Start of AVAILABLE RECORDS
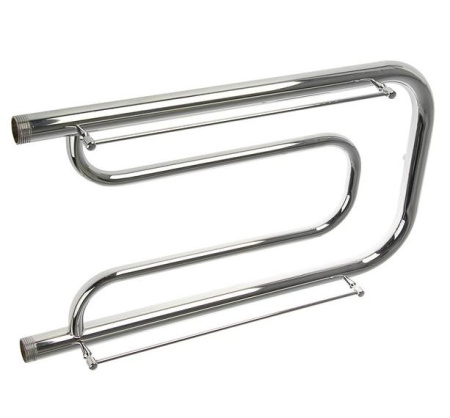 Полотенцесушитель Фокстрот П-Л-образный 320х700 1" с полками Россия (арт. ФПЛ3270) оптом от компании Аквалига
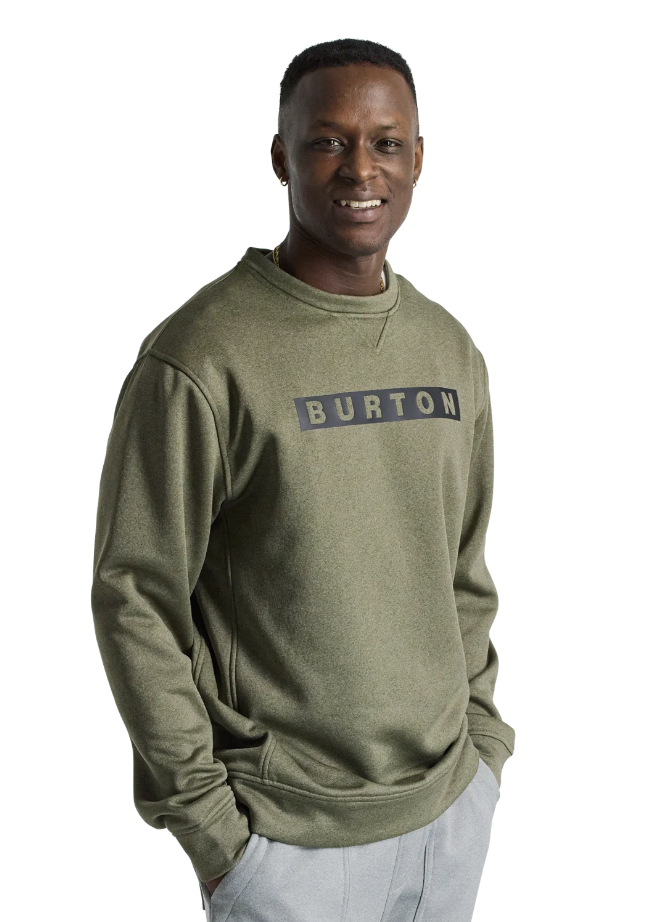 Burton Mens Oak Pullover Crew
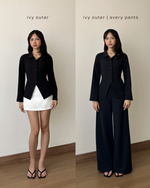 Load image into Gallery viewer, Kadaka Ivy Outer | Long Sleeves Outer Top |  Atasan Outer Wanita Lengan Panjang  | Everyday Basics O-0205
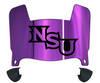 Northwestern State Demons Mini Football Helmet Visor Shield w/ Clips - PICK VISOR & LOGO COLOR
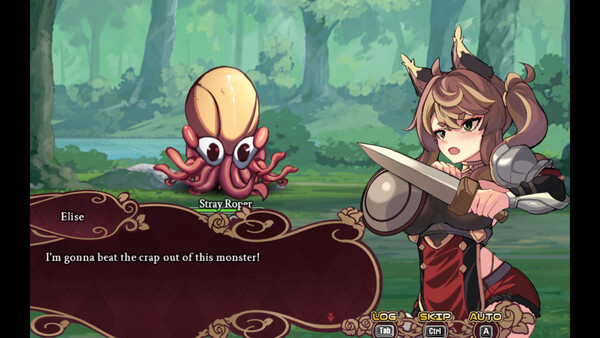 Игра Elise and the Spellbinding Marionette, скриншот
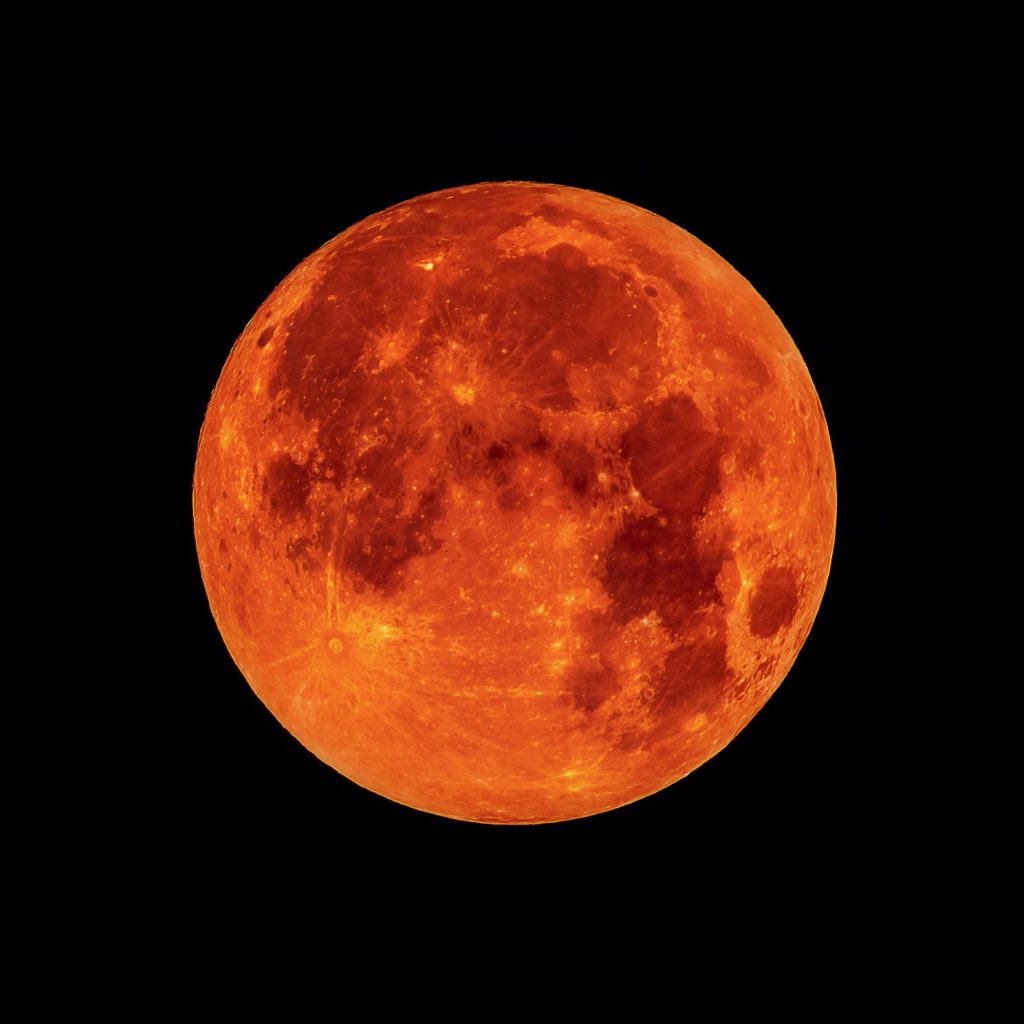 Gerhana Bulan Total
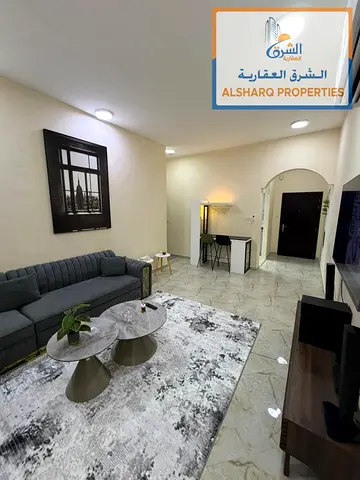 غرفة وصالة مع روف للإيجار السنوي – الجرف 2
End of AVAILABLE RECORDS
Please retype, exactly and only, the lines from the one holding "Игра Elise and" to the end of the entries, both ends included, without any pictures.

 Игра Elise and the Spellbinding Marionette, скриншот
 Gerhana Bulan Total
 غرفة وصالة مع روف للإيجار السنوي – الجرف 2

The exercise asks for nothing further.